The common perception of the Chinese government has a theme: Communists, tyrants, anti-Westerners, persecutors, cold-hearted butchers. The government’s extensive control over its people cannot be doubted. From the “Great Firewall of China”— the censorship of the internet — to the imprisonment of dissenters, the Chinese Communist Party (CCP) has gripped its people since its rise to power in the 1960s during the Cultural Revolution. However, the CCP’s approach to unopposed power does not just involve thoughtless violence: the government has developed an incredibly effective method of rewriting history. By controlling China’s national narrative, manipulating and omitting truths as they please, the CCP has built a foundation of ignorance to ensure their regime’s success for years to come.
Few students in China know of the Tiananmen Square massacre, even as its thirtieth-anniversary approaches. When J. Christopher Beam sat down at a café in Beijing to talk to two Chinese young men about June 4, 1989, one hit the table and left—an example of a typical reaction. Others confused by the reaction would simply ask what happened, as they had no idea. Chinese millennials either know nothing about the turning point of modern Chinese history, or they know bits and pieces, picked up from college professors and hushed, indoor discussions. Most will not admit to knowing anything for fear of imprisonment or even death. Beam met a woman identified only as Susan, who was two years old when tanks crossed through her neighborhood, but she did not learn about the event until “an American classmate raised the subject” in a college class. She explained that “When I heard about [the crackdown] I was so shocked… I [didn’t] know how the government could do that to its own people.”
The massacre came after seven weeks of protest in Tiananmen Square, located in the center of China’s capital. Beijing University students had protested for many reasons: democratization, corruption, high inflation rates, free market systems, among others.

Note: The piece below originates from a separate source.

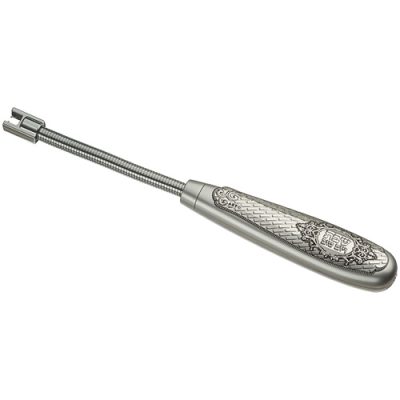 Flexible Electric Lighter with Usb Charging with Metal Plate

By May 13, 300,000 people gathered in the Square and marched, day after day, to advocate for their human rights while thousands began hunger strikes. A week later, the government declared martial law, and the People’s Liberation Army entered the Square only to withdraw after student protesters tried to convince the soldiers to join their cause. On June 4, the situation boiled over when party leaders ordered the army to storm the Square. Tanks rolled through, crushing those who refused to move and firing aimlessly into the crowds. Soldiers jumped off, beating and stabbing college students. While the Chinese government’s official statement reported that 200 civilians died, newly released British reports claim that this number amounted to nearly 10,000 individuals, yet another example of the CCP’s rampant concealment of the truth. Additionally, the party has maintained that the massacre “was a valid response to a ‘counter-revolutionary incident’ in which some protestors were responsible for casualties.” The fact that the slaughter had been carried out by the People’s Liberation Army, one of the few institutions that most Chinese citizens trusted, only deepened the country’s wounds. Even if this part of Chinese history is sealed, the resulting resentment and sense of betrayal of those who do remember both remain unresolved.

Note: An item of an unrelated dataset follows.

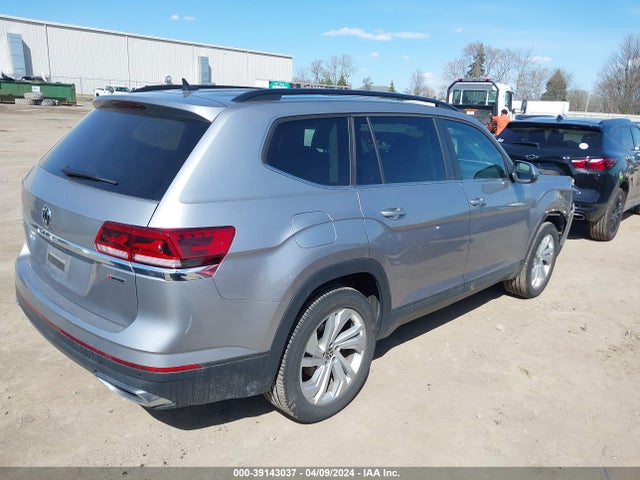 1V2KR2CA9MC607645 Volkswagen Atlas 3.6l V6 Se W/technology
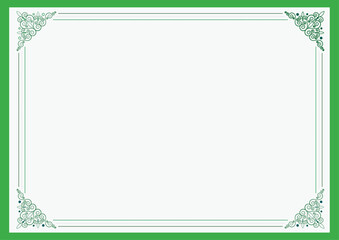 Hand Holding Golden Certificate of Achievement with Seal, Awarding Excellence and Success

The CCP’s success in hiding the atrocity to its own people is both remarkable and horrifying. As part of the infamous Chinese firewall, the government banned Google from all Chinese servers in fear that the Western system of free information flow would undermine the government’s power. The government censored this massacre even more; its discussion has been unofficially banned in textbooks and Weibo––a popular microblogging site––searches. If one were to search “1989” on China’s main search engine, Baidu, the only results would be official, state-released reports or nothing at all. Similarly, on the mainland, those who try to commemorate the massacre are arrested, although protests remain strong in Hong Kong and Taiwan. The Human Rights Watch explains how the government continues to squash the victims and families demanding justice and arrests anyone too outspoken for their liking. For example, Guo Jian, a well-known artist, was arrested for creating a model of Tiananmen Square covered in ground meat. The imprisonment and death of Liu Xiaobo, a writer who won a Nobel Peace Prize for his support of students in the Tiananmen massacre and campaigns against one-party rule and various other policies, enraged many Western critics.

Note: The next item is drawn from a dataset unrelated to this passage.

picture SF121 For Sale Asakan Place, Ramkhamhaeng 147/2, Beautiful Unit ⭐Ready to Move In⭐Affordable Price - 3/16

Ultimately, as Bonnie Gerard argues in The Diplomat, the legacy of the massacre lies in the normalization and institutionalization of “extreme censorship and political repression.” However, these tools, now essential to the CCP’s power, have led to the buildup of palpable tensions and inhibited the success of China’s modernization. According to Gerard, “China in 1989 was on the cusp of something more than just an economic explosion” but it all ended on June 4, 1989, when the government doubled down on its control of ideas. Small private businesses had been opening across the country as people began to believe that China was realizing its full potential that had been so dearly paid for during the Cultural Revolution. The government and its people never reconciled afterwards, with the CCP suppressing discussion and silencing voices that had the potential to finally address issues, and could allow the country to move past its stagnant political culture. Time explains how “Entrepreneurs cannot be expected to launch the next Google in an environment where the Internet is controlled, creative thinking is discouraged and the courts can’t protect them.” By barring intellectual freedom through censorship and oppression, the legacy of Tiananmen is holding back the country; China cannot advance and compete with the top economic powers of today without having the freedom to innovate and explore. It is time that President Xi Jinping and his government realize that.